The William T. Jerome Library is open to the community. The library is a member of OhioLINK, a statewide library and information system that enables BGSU students, faculty and staff to borrow books from other Ohio libraries and to access to many online research databases.

Learning Commons
The Learning Commons opened in fall 2011, consolidating the Study Skills Center, Writing Center, and Mathematics and Statistics Tutoring Center. It offers 13,565 square feet of study space, computers, and a tutorial center.

Specialized collections and branches

Government Documents (1st floor)
Bowling Green State University, which serves Ohio's 5th Congressional district, became a federal depository in 1933. Librarians select 57% of the offered items, receiving approximately 400 documents each month. This collection of 700,000 publications is rich in historical and current material including the following materials:

 Census of Population reports from 1790 to present
 Foreign Relations of the United States
 U.S. Treaties and International Agreements
 U.S. Congressional Serial Set

The collection emphasizes materials in business, civil rights, economics, education, environment, foreign relations, health, housing, justice, labor, presidential materials, small business, and social welfare. Additionally librarians select all congressional materials including hearings, reports, documents, floor debates, bills and public laws, and studies.

The department became an Ohio depository in 1953 and receives all agency publications distributed through the state depository program. The collection includes agency publications such as reports, directories, pamphlets, leaflets, posters, newsletters, and journals; Judicial Branch materials including administrative opinions and the Supreme Court of Ohio opinions and decisions; and Ohio General Assembly materials, including the Laws of Ohio and the House and Senate Journals.

In the early 1980s selected material from the city of Bowling Green was added to the collection including City Council Minutes, Mayor's Reports, the Bowling Green City Code of Ordinances, and the Annual Report of the Bowling Green Police Division.

BGSU became a Canadian Government Documents Depository in October, 1999. This collection focuses on business, environment, Great Lakes, Native Peoples, and social issues. It includes journals, reports, and cd-roms. The library also collects some of the important statistical reports produced by Statistics Canada.
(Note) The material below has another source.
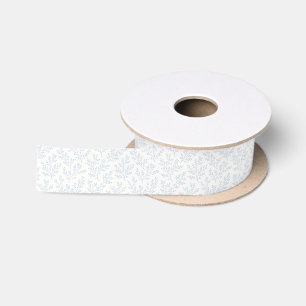 Ruban En Satin Forest Sprigs Dusty Blue - Neutre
Curriculum Resource Center
The Curriculum Resource Center (CRC) supports the undergraduate and graduate teaching programs in the College of Education and Human Development and other BGSU education-related areas by maintaining a collection of high quality preschool through grade twelve materials reflecting innovation in teaching practices and standards-based instruction. Materials held by the CRC comprise the Frances F. Povsic Collection, so named on March 30, 2001, in honor of Professor Povsic's significant, enduring and distinctive contributions to the CRC, the University Libraries, and BGSU. The CRC is also home to the Children's Book Center

Music Library and Bill Schurk Sound Archives 

The Music Library and Bill Schurk Sound Archives, located on the third floor of Jerome Library, contains materials related to the study of music. Although the collection primarily supports the undergraduate and graduate programs in the College of Musical Arts, the Department of Popular Culture, and the Center for American Culture Studies, the resources of the library are available to all interested users.
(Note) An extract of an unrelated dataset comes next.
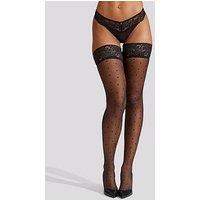 Ann Summers Lace Top Spot Hold Up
The Music Library contains more than 60,000 books and scores related to all aspects of the study of music. Studies ranging from biography to general histories of music, from theoretical treatises to studies of such diverse aspects as country music, opera, and band music are included in the collection. The score collection includes solos, orchestral studies, exercise books, and chamber music for ensembles from two to ten parts. The recordings collection, which circulates on a limited basis, contains more than 16,000 recordings of music from all periods of music history as well as ethnic music, musical theatre, and jazz. Recital tapes from the College of Musical Arts dating from 1966 are maintained by the Music Library. All masters' theses and documents written by graduate students in the College of Musical Arts are housed in the collection.

The Music Library houses two special collections: The Bill Schurk Sound Archives and the Archives of the MidAmerican Center for Contemporary Music. The Bill Schurk Sound Archives, considered the nation's premier collection of popular music sound recordings, contains more than 700,000 recordings representing all styles of popular music and all recorded formats. Established in 1967 for the scholarly study of popular music, the Bill Schurk Sound Archives serves not only campus patrons, but also researchers from around the world. Discographies, books, and periodicals related to popular music and the recording industry are also included in this collection. Established in 1987, the Archives of the MidAmerican Center for Contemporary Music contains music both submitted to and performed at the College of Musical Arts' New Music and Art Festival. At present, the collection contains more than 3800 scores of contemporary music, many in manuscript.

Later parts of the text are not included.